Don’t Make These Mistakes When Choosing Commercial Doors and Door Hardware
Commercial doors and door hardware have typically not received much attention during the design process for new construction or renovation projects. But what goes unnoticed most often during design can become an unending chore for the operating staff to keep buildings accessible and secure.
Today the situation has changed. Commercial doors and door hardware are no longer simple, low-cost components. They are now expected to perform more functions beyond simply looking good and locking. And potential conflicts among these functions are not uncommon.
For example, safety requirements for building occupants often are in direct conflict with security requirements for the building. As a result, commercial doors and door hardware can no longer be taken for granted. Facility executives should use the same approach when evaluating door options that they apply in selecting other building systems and components.
Door and door hardware selection goes beyond simply matching components to the needs of the facility. It should also take into consideration the costs associated with maintaining what has been installed. Failure to consider maintenance requirements will result in staff spending too much time and money trying to keep doors and door hardware functioning as they are supposed to.
Consider that poorly or improperly functioning doors and door hardware can easily compromise building security and the safety of the occupants. Additionally, they can negatively impact a building’s energy use and cause damage to surrounding building components, including floors and walls.
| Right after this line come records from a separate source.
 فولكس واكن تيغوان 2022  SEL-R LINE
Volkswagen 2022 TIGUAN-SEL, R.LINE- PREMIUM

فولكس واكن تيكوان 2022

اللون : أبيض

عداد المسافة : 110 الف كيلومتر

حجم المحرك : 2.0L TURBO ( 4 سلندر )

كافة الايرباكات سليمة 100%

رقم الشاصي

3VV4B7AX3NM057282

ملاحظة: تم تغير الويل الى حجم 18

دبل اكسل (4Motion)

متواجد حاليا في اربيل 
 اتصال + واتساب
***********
Each of these factors should be examined for each application to determine the door’s performance level.
Facility Type: One thing to consider is the type of facility where the door is being installed. For example, commercial doors and door hardware installed in educational facilities will be subjected to an entirely different type and level of use and abuse than doors installed in a typical office or retail building.
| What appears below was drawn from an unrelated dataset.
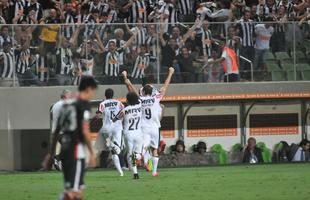 Rafael Carioca, em belo chute de fora da rea, marcou o gol da classificao do Atltico na Libertadores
Weight And Size Of The Door: One of the biggest mistakes involving door installation is the use of lightweight hardware on heavy weight or oversized doors. Larger and heavier doors require stronger, heavier gauge hardware if they are to stand up to even normal use.
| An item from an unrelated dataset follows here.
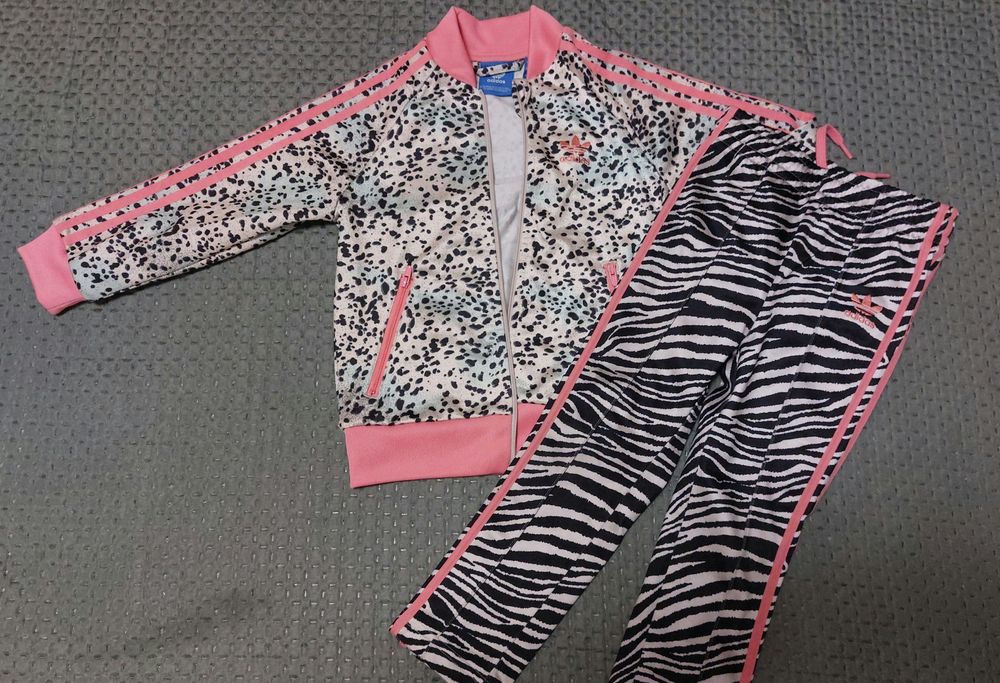 Оригинален детски анцунг Adidas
The level of Use: Another factor that should be considered is the level of use that is expected for each door. A typical residential application might be subjected to no more than 20 cycles per day and have a service life of 30 years or more. A typical commercial application will be subjected to hundreds of cycles per day.
Environmental Factors: Doors constantly exposed to high moisture levels, such as in facilities located in coastal areas, should have finishes and hardware that are resistant to corrosion. Without proper protective finishes, doors installed in this type of environment can fail in as little as five years. Commercial door hardware that is not resistant to corrosion can stick and bind, making doors difficult to operate and eventually, damaging the door, the hardware, or both.
Standardization: For maintenance personnel to respond quickly to door issues, it is necessary to stock a range of repair and replacement parts. With standardization, staff can take a limited number of widely used items with them, reducing both response time and maintenance costs. Standardization of replacement hardware components will reduce the size and cost of the inventory that should be maintained and allow facility executives to maintain a minimum number of replacement components suitable for the range of applications that exist within their facility.